- [YOUR INSTRUCTIONS] May I have the lines from the one containing "Ưu điểm nổi bật khi tải 888 Slot" to the end of the entries, returned exactly and with nothing else?
Segment Start: EXTRACTED MATERIAL
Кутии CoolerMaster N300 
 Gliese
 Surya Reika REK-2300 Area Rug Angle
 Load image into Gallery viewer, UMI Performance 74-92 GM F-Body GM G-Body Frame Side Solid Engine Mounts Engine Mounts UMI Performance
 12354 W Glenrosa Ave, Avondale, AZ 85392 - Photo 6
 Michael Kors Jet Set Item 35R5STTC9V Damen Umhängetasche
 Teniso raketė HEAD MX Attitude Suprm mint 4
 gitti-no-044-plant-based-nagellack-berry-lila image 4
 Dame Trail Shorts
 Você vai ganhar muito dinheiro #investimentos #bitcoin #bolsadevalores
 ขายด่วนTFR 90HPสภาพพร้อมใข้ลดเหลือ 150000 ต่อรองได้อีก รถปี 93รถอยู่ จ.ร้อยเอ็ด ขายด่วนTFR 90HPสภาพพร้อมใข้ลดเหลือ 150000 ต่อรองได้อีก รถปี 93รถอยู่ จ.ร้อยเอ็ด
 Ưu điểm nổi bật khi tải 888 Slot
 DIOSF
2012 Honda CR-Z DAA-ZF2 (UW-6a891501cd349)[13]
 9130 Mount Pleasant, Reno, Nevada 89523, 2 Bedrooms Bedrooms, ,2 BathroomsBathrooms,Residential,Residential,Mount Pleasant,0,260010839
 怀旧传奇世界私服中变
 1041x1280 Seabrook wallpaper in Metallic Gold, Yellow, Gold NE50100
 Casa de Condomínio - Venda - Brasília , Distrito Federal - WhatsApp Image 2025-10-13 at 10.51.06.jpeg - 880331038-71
Segment End: EXTRACTED MATERIAL
- [ANSWER SECTION]
 Ưu điểm nổi bật khi tải 888 Slot
 DIOSF
2012 Honda CR-Z DAA-ZF2 (UW-6a891501cd349)[13]
 9130 Mount Pleasant, Reno, Nevada 89523, 2 Bedrooms Bedrooms, ,2 BathroomsBathrooms,Residential,Residential,Mount Pleasant,0,260010839
 怀旧传奇世界私服中变
 1041x1280 Seabrook wallpaper in Metallic Gold, Yellow, Gold NE50100
 Casa de Condomínio - Venda - Brasília , Distrito Federal - WhatsApp Image 2025-10-13 at 10.51.06.jpeg - 880331038-71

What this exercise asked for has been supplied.